From the line containing "Recliner Chair SELVIK" to the final line of the entries, copy each line exactly. Pictures stay out.

BEGIN THE INPUT

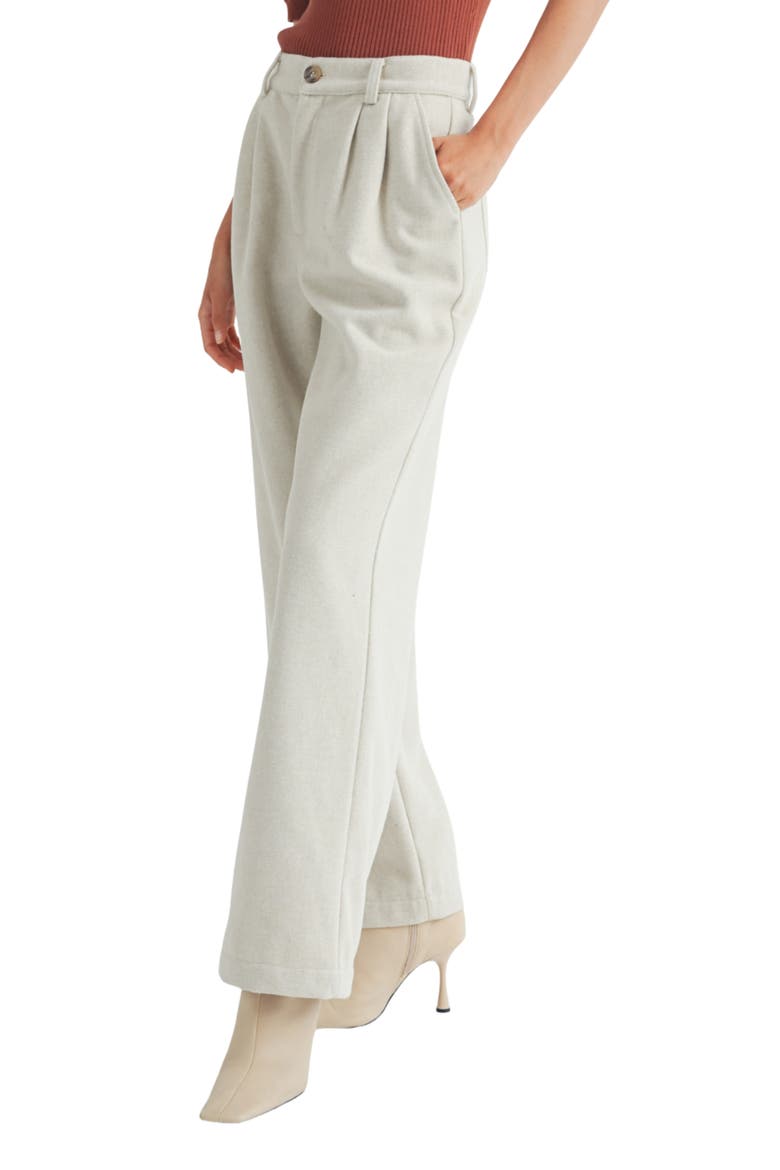 Pleated Wide Leg Trousers, Alternate, color, OATMEAL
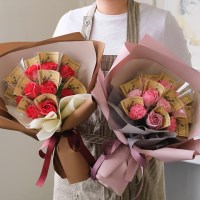 10송이 비누카네이션장미믹스 용돈꽃다발 [3color]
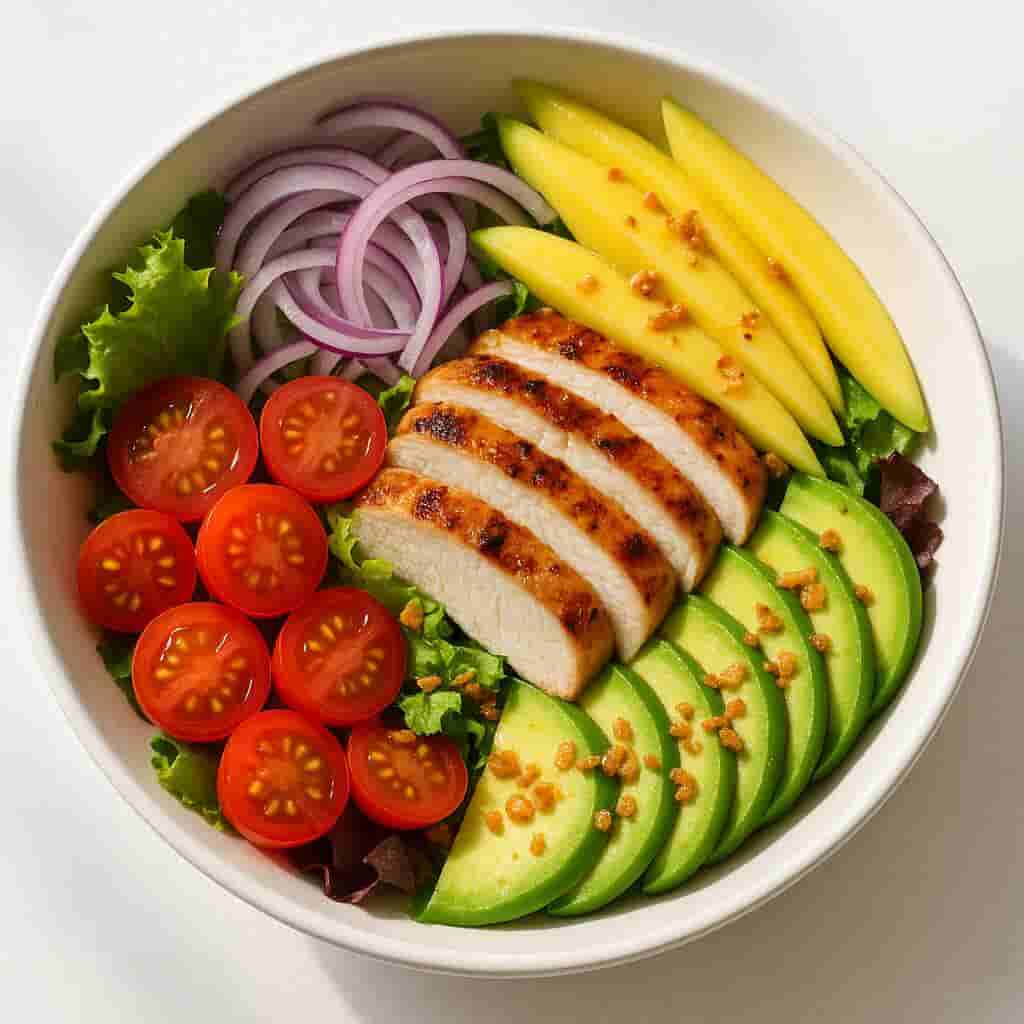 Grilled Chicken & Green Mango Bowl with Adobo Vinaigrette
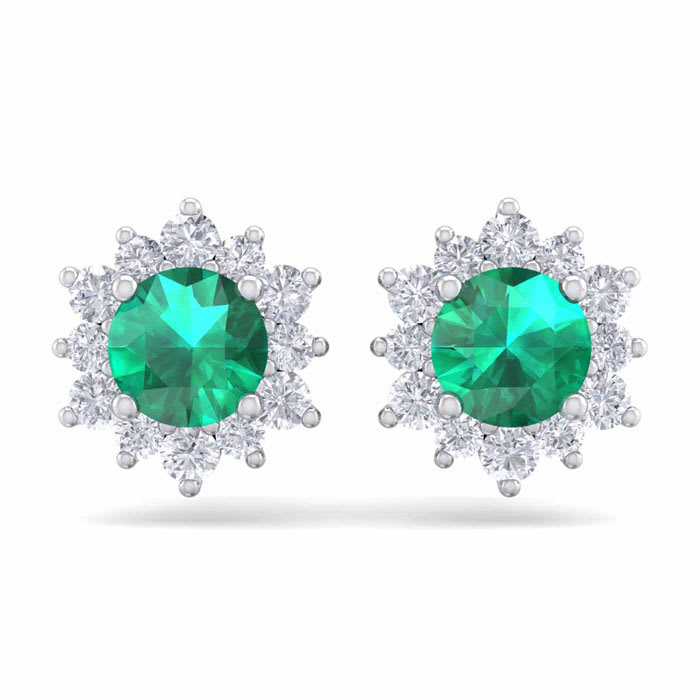 1 1/2 Carat Round Shape Flower Emerald and Diamond Halo Stud Earrings In 14 Karat White Gold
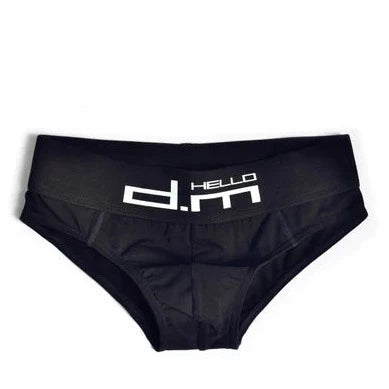 black DM Gay Men's Hello Briefs - pridevoyageshop.com - gay men’s underwear and swimwear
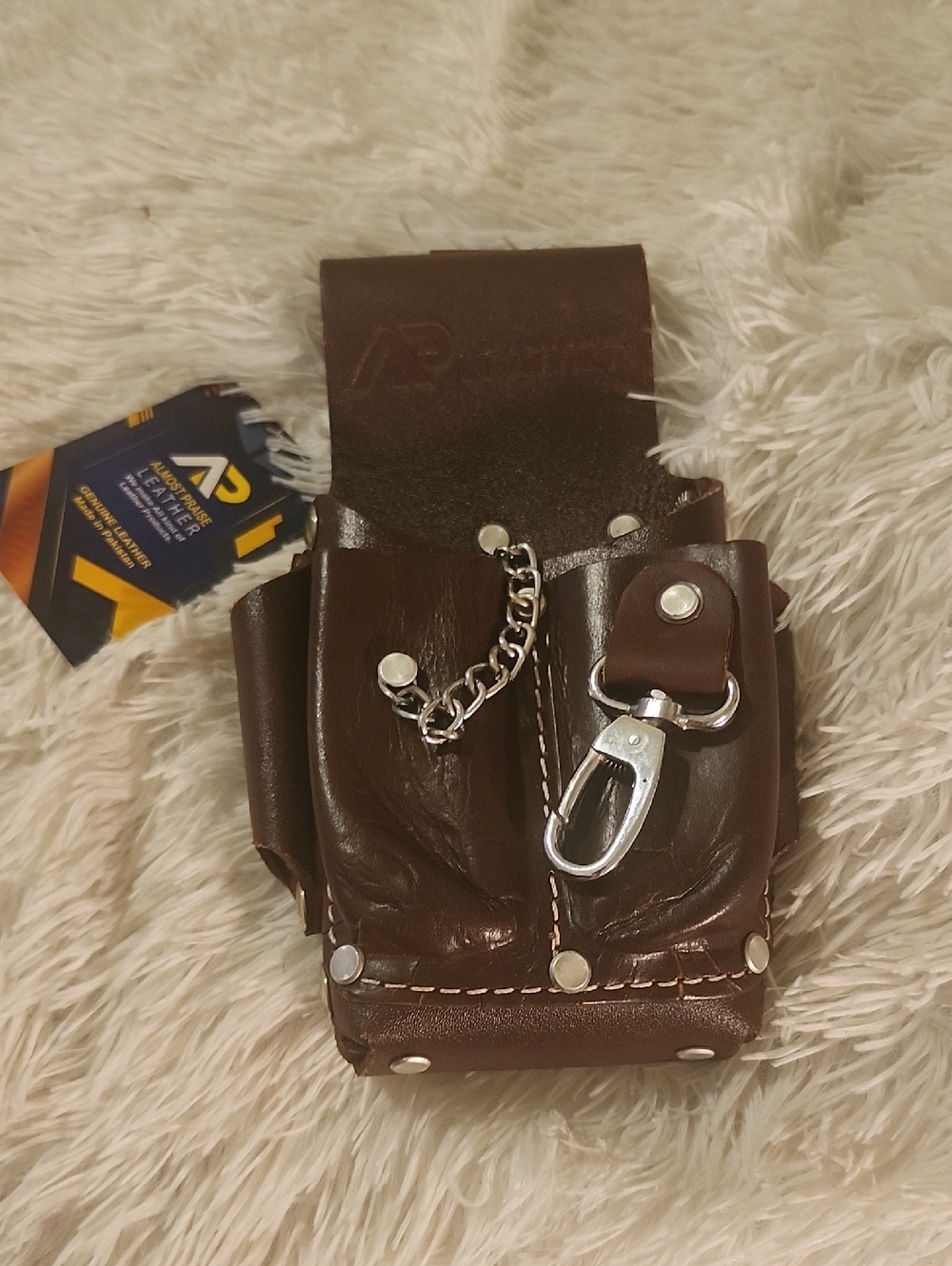 Leather Tool Pouch Heavy Duty Tool 5 Pocket Electrician Carpenters Tool Pouch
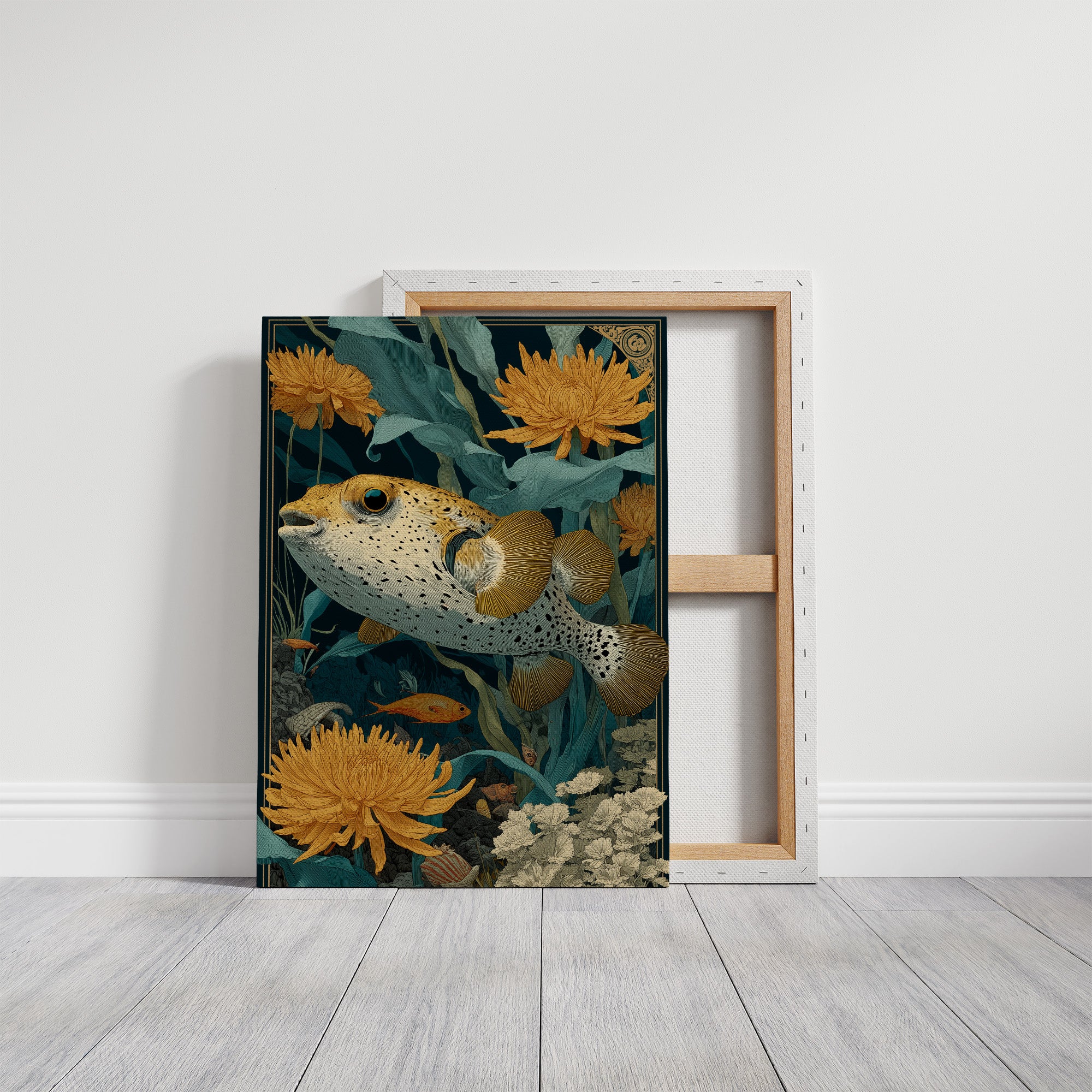 Pufferfish Among Chrysanthemums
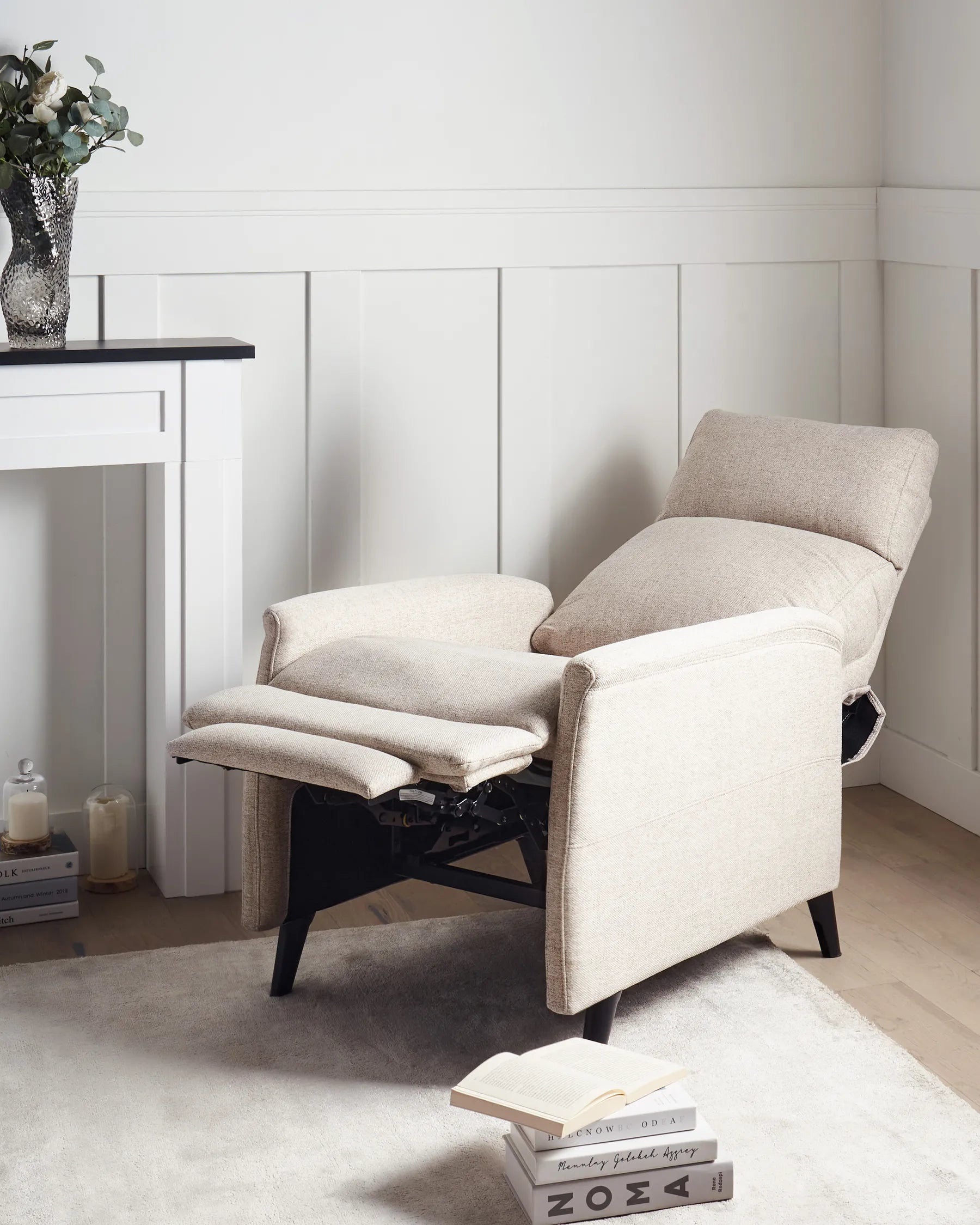 Recliner Chair SELVIK With Footrest Fabric Taupe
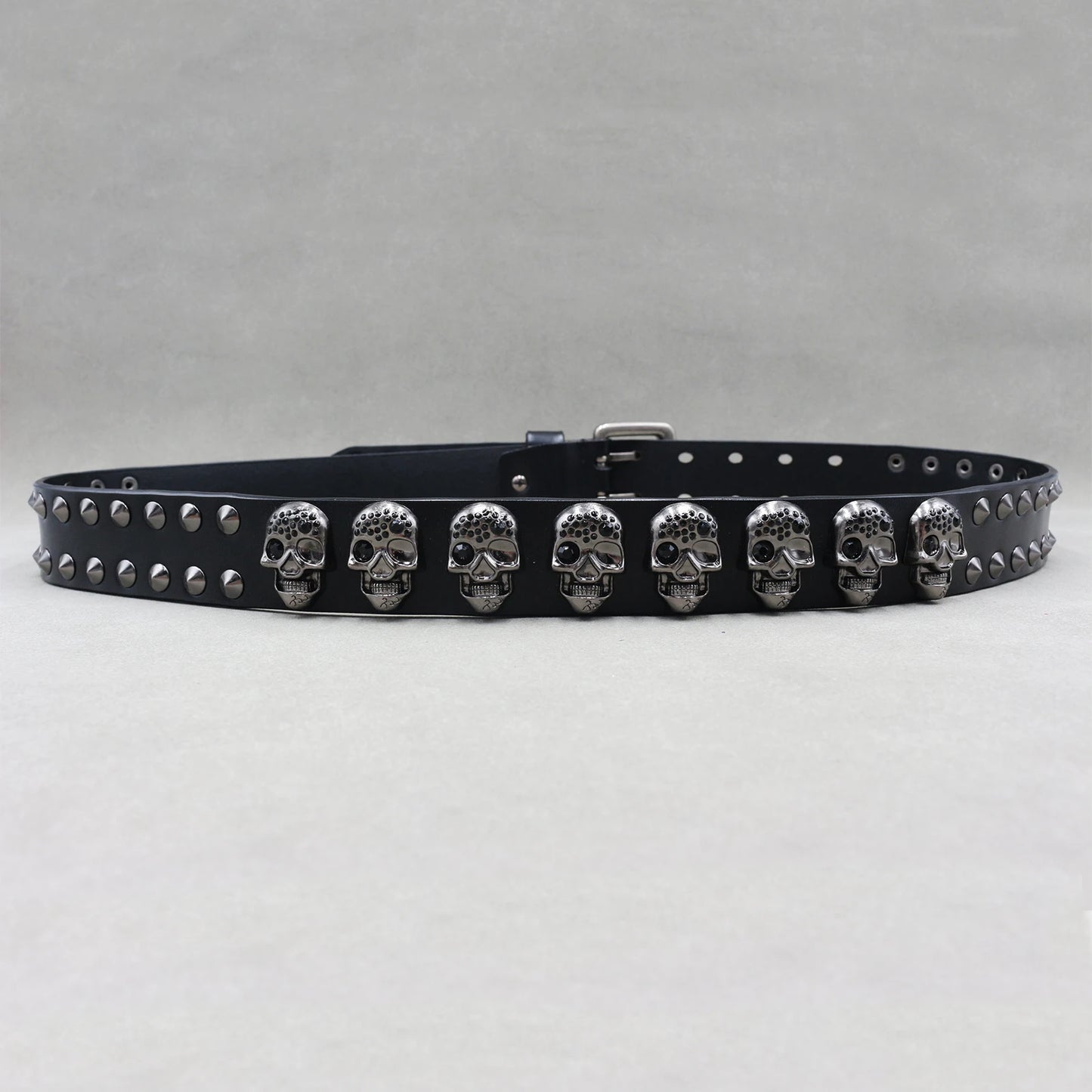 NEW Metal Rivet Cowboy Belt Genuine Leather Cowskin Men Belt Punk Rivet Jeans Belts For WOMEN Ceinture Homme Cinturones Hombre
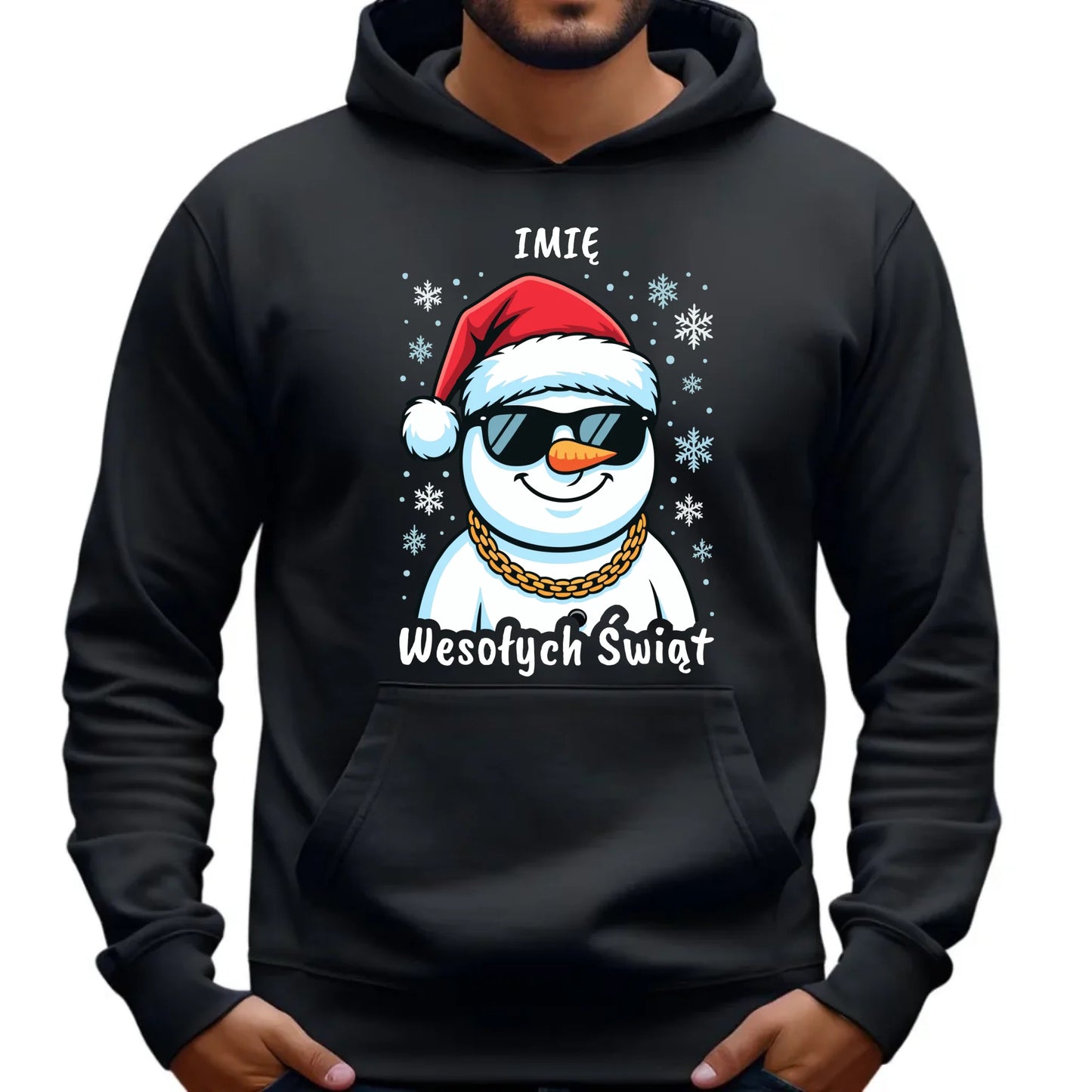 Bluza damska z kapturem świąteczna - Wesoły bałwan Wesołych Świąt - personalizowana BN82 - StoryCups.pl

END THE INPUT

### RESULT BELOW
 Recliner Chair SELVIK With Footrest Fabric Taupe
 NEW Metal Rivet Cowboy Belt Genuine Leather Cowskin Men Belt Punk Rivet Jeans Belts For WOMEN Ceinture Homme Cinturones Hombre
 Bluza damska z kapturem świąteczna - Wesoły bałwan Wesołych Świąt - personalizowana BN82 - StoryCups.pl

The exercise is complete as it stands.